In het onderzoek Zwakke Schakels Kust4 hebben we in 2009 aandacht besteed aan de kosten van zandsuppleties. Daaruit is gebleken dat de aanbestedingen op deze markt meerdere jaren achtereen hadden geleid tot hogere uitgaven dan waar Rijkswaterstaat aanvankelijk van uit was gegaan. In de bestuurlijke reactie op ons onderzoek gaf de staatssecretaris van Verkeer en Waterstaat (VenW) aan dat Rijkswaterstaat op dat moment een visie op de markt voor zandsuppleties opstelde. Deze toezegging vormde voor ons aanleiding om in de periode 2011 – 2013 te onderzoeken hoe Rijkswaterstaat de kosten voor zandsuppleties tracht te beheersen.

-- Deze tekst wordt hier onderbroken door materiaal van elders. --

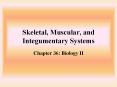 Skeletal,%20Muscular,%20and%20Integumentary%20Systems PowerPoint PPT Presentation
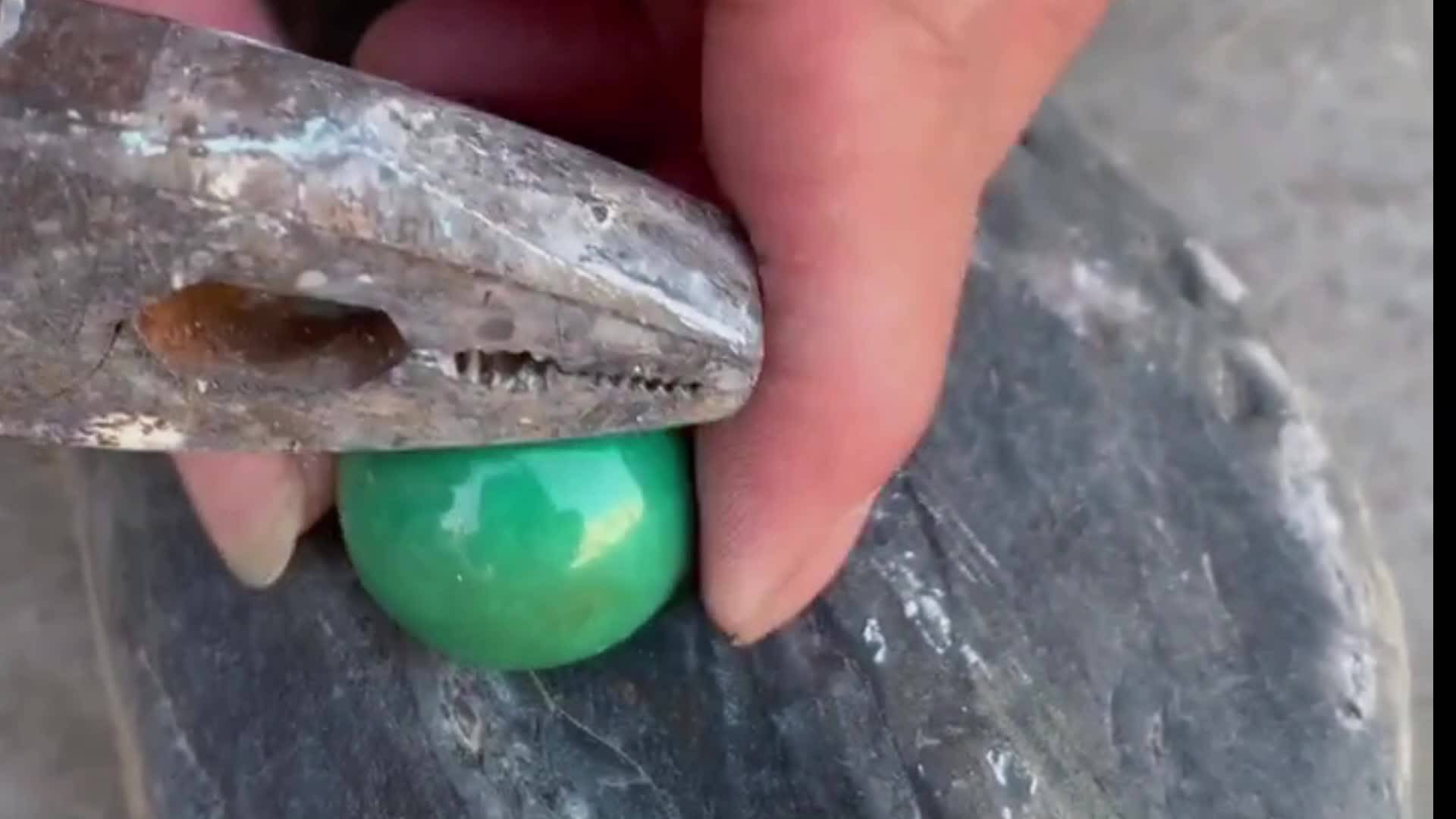 山东大哥花500元买的绿松石珠子让我给他鉴定砸开一看心凉了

Wij hebben nu vastgesteld dat er sprake is van een doordachte marktbenadering. Bij de meest recente aanbesteding was er sprake van een aanzienlijke besparing ten opzichte van de verwachte bedragen. Vanwege de conjunctuurgevoeligheid van de zandmarkt kan de minister daar geen conclusies aan verbinden over het realiseren van de ingeboekte bezuinigen op middellange termijn (de volgende programmaperiode van de kustlijnzorg vanaf 2016).

Projectbeheersing bij Maaswerken, Herstel steenbekleding en Oosterscheldekering

De uitgaven voor de uitvoering van het waterveiligheidsbeleid staan op de begroting 2014 van het Deltafonds. Voor investeringen (artikel 1) begroot de minister van IenM 827,9 miljoen euro en voor beheer, onderhoud en vervanging (artikel 3) 176,3 miljoen euro.5

Een effectieve en efficiënte uitvoering van het waterveiligheidsbeleid vraagt om een professioneel projectbeheer door Rijkswaterstaat. Om meer zicht te krijgen op de inrichting en uitvoering van het projectbeheer hebben we in de periode 2011 – 2013 verkennend onderzoek uitgevoerd bij drie belangrijke projecten: Maaswerken (Deltafonds, artikel 1), Herstel steenbekleding (Deltafonds, artikel 1) en Beheer en onderhoud Oosterscheldekering (Deltafonds, artikel 3).6 Een aantal bevindingen raakt ook de contractbeheersing door Rijkswaterstaat en daarmee de begroting van het Ministerie van IenM. Deels betreft het zaken die aansluiten op aandachtspunten die we hebben benoemd in ons rapport bij het Jaarverslag 2012 van het Ministerie van IenM.7

Systeemgerichte Contractbeheersing door Rijkswaterstaat

Steeds meer vervangt Rijkswaterstaat de klassieke vorm van contractbeheersing door Systeemgerichte Contractbeheersing (SCB). Het basisprincipe van SCB is dat de opdrachtnemer moet aantonen dat zijn kwaliteitssysteem werkt en dat hij daarmee het project beheerst en dat hij voldoet aan de in het contract gestelde eisen.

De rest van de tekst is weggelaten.